Over the weekend I attended another wonderful re-enactment event at the American Heritage Museum. The Battle of Bunker Hill was produced with enthusiastic re-enactors that brought to life one of the famed early battles in the American Revolutionary War. While I have attended numerous re-enactment events, these re-enactors went out of their way to engage with attendees to discuss this critical time in American history. Suffice to say I learned a few things!
While producing a movie is all about pre-production, rehearsals, etc., these re-enactment events are like watching a movie unfold in real time over several hours rather than months. Yes, most of these groups have all worked together, but their ability to produce this type of entertainment so quickly is impressive. For those of you in the New England area, the re-enactors from this past weekend will next perform at Old Sturbridge Village on August 6 &7.

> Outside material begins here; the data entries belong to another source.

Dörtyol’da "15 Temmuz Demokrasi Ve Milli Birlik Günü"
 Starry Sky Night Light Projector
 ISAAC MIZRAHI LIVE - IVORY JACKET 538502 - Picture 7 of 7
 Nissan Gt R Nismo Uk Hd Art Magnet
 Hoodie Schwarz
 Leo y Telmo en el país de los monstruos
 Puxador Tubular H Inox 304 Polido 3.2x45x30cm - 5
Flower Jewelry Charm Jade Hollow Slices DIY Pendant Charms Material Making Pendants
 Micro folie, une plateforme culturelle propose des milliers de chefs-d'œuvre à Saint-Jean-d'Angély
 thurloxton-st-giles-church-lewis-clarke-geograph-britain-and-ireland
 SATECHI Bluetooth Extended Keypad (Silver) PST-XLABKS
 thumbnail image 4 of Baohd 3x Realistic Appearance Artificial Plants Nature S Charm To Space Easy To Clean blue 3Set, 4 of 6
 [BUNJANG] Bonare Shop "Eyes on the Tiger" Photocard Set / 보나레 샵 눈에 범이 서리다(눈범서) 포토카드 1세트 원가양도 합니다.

This past week, First Signal received its quarterly VOD payment from Indie Rights. I could not be more pleased with our results to date. While I was reviewing the reports, I learned that First Signal secured a territory sale in South Korea. This is yet another milestone that First Signal has achieved. From our VOD placement, 1M+ views on YouTube and now a territory sale, First Signal is well on its way to achieving an awareness I only dreamed of.
Those of us that produce true independent feature films, do so because we love to tell stories. While we always hope for a return on our investment, it honestly isn’t top of mind. Yes, staying within a budget that has some hope for a return is important, but that cannot be the driver. The driving motivation to produce must first be a love of the craft.
I remember towards the end of principal photography on First Signal, that despite sweltering 100-degree heat, I was just vey excited to work those final days. Perhaps it was the realization that I knew the quality we produced the previous weeks, or it was getting into the rhythm of doing something that just felt natural. Whatever the reason, I do look forward to the day when I’m bringing my next project to life.
As for my next project, I completed my director reel a few days ago and will post it sometime this week. Having reviewed my previous five films and cutting out scenes that looked interesting, the challenge to select was just that: a challenge. The question begs to be asked, just what is a director reel? Having reviewed countless reels from other directors the question, in my view, is still unanswered. Some focus on cinematography, others focus on an intense scene or two, while some focused on visual effects. To be frank, they were all over the place.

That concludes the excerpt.